The volume and complexity of patent applications to the U.S. Patent and Trademark Office (USPTO) have increased significantly in recent years, lengthening the time needed to process patents. Annual applications have grown from about 185,000 to over 350,000 in the last 10 years and are projected to exceed 450,000 by 2009. Coupled with this growth is a backlog of about 750,000 applications. USPTO has long recognized the need to automate its patent processing and, over the past two decades, has been engaged in various automation projects. Accordingly, GAO was asked to, among other things, assess progress to date and any problems facing USPTO as it develops the capability to efficiently handle patent information electronically.

As part of its strategy to achieve a paperless, electronic patent process, USPTO had planned to deliver an operational patent system by October 2004. It has been able to deliver important capabilities, such as allowing patent applicants to electronically file and view the status of their patent applications and the public to search published patents. Nonetheless, after spending over $1 billion on its efforts from 1983 through 2004, the agency's existing automation has not provided the fully integrated, electronic patent process articulated in its automation plans, and when and how this process will be achieved is uncertain. Key systems that USPTO is relying on to help reach this goal--an electronic application filing system and a document imaging system--have not provided capabilities that are essential to operating in a fully electronic environment. Contributing to this situation is that the agency took an ad hoc approach to planning and managing its implementation of these systems, in which it lacked effective analysis of system requirements, alternatives, and costs; made acquisition decisions based on management judgment; and acquired software that did not meet its needs. USPTO's ineffective planning and management of its patent automation initiatives, in large measure, can be attributed to enterprise-level, systemic weaknesses in its information technology investment management processes. Although the agency had begun instituting essential investment management mechanisms, such as its enterprise architecture framework, it had not yet finalized its capital planning and investment control process nor established necessary linkages between the process and its architecture to guide the development and implementation of its information technology. The Under Secretary of Commerce for Intellectual Property and USPTO's chief information officer acknowledged the need for improvement, but specific plans for resolving problems have not yet been developed.

Recommendations for Executive Action

  1. Status: Closed - Implemented

    Comments: In September 2005 the agency reassessed its information systems used to support patent processing and approved development of an improved electronic filing system. Further, in May 2007 the agency approved development of a system to allow text-based processing.

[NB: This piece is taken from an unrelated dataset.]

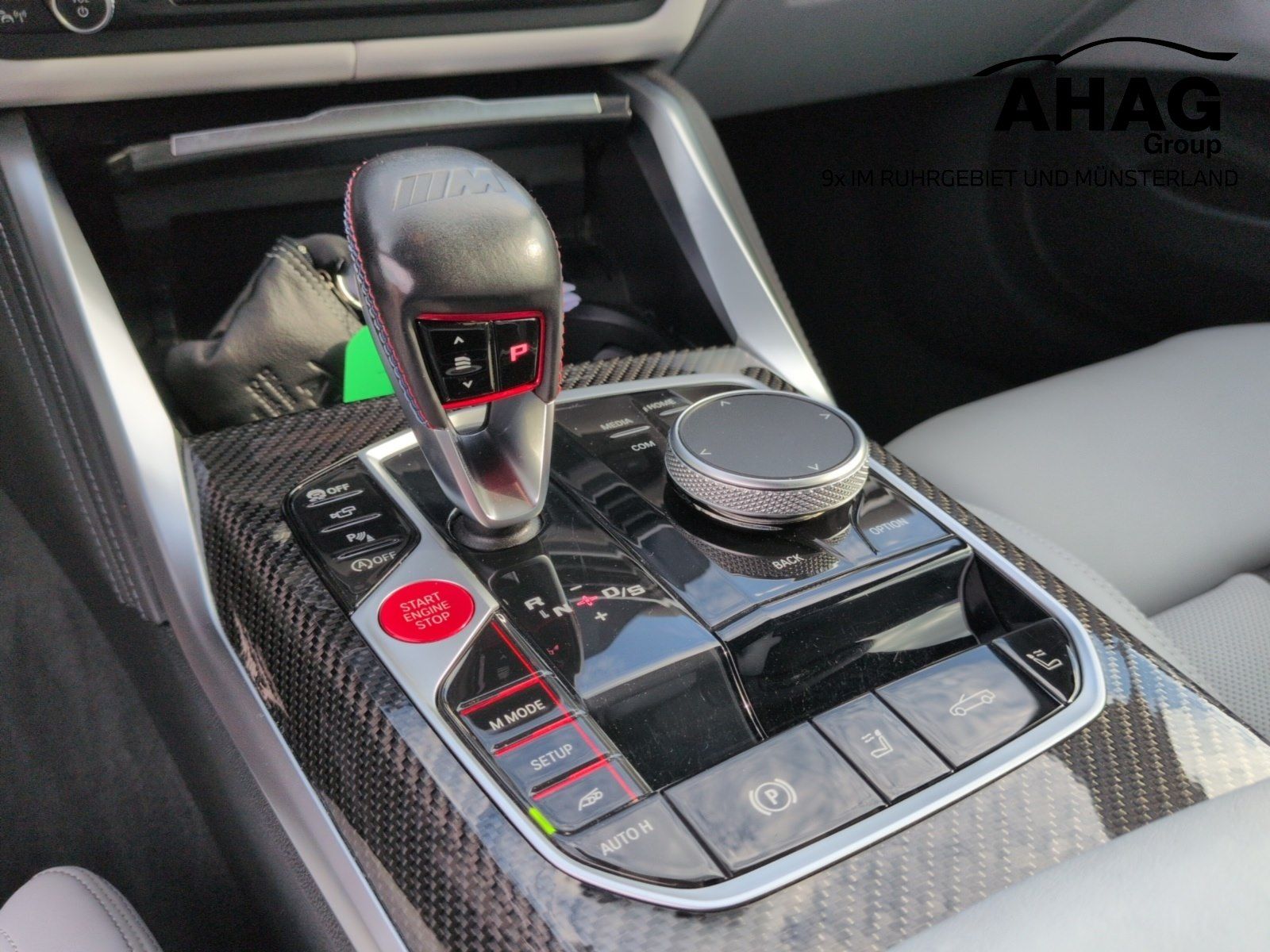 BMW M4 2022 г. Серебристый, пробег 53000 км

As a result of these actions, the Patent Office should be positioned to more effectively process patents through the use of information technology.

    Recommendation: To more effectively position USPTO to achieve key patent processing improvements through the use of information technology, the Secretary of Commerce should direct the Under Secretary of Commerce for Intellectual Property to reassess, and where necessary, revise the approach for implementing and achieving effective uses of major information systems to support a fully automated patent process, including electronic filing and image- and text-based patent processing capabilities.

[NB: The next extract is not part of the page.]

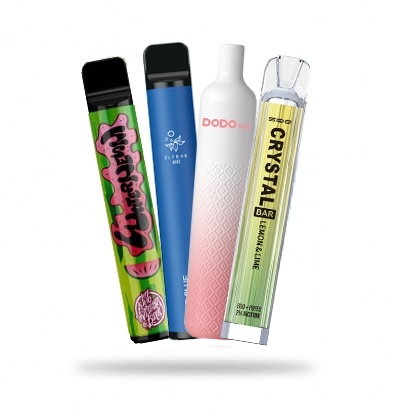 Einweg-E-Zigarette kaufen – einfach, kompakt & sofort startklar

    Agency Affected: Department of Commerce

  2. Status: Closed - Implemented

    Comments: In October 2005, USPTO created a new capital planning and investment control (CPIC) guide, made it available on the agency's Website, and provided new training on the completion of investment decision papers. Also beginning in October 2005, the agency required identification of costs, benefits, and other information on proposed investments as part of its CPIC process; and it refined the use of unique program codes aligned to System Development Life Cycle phases of its IT investments, allowing USPTO to track costs and spending against plans. These actions should help USPTO ensure that its automation initiatives are effectively planned and managed, and support the agency's mission.

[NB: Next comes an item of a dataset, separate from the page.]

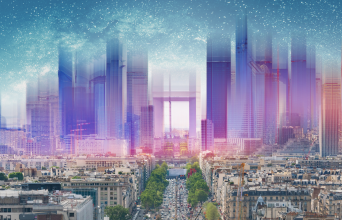 Image for France-Paris: AI for Urban Mobility.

    Recommendation: To more effectively position USPTO to achieve key patent processing improvements through the use of information technology, the Secretary of Commerce should direct the Under Secretary of Commerce for Intellectual Property to establish disciplined processes for planning and managing the development of patent systems based on well-established business cases that articulate agreed-upon business and technical requirements; include analyses of project alternatives, costs, and benefits; and include measures for tracking projects through their life cycle against cost, schedule, benefit, and performance targets.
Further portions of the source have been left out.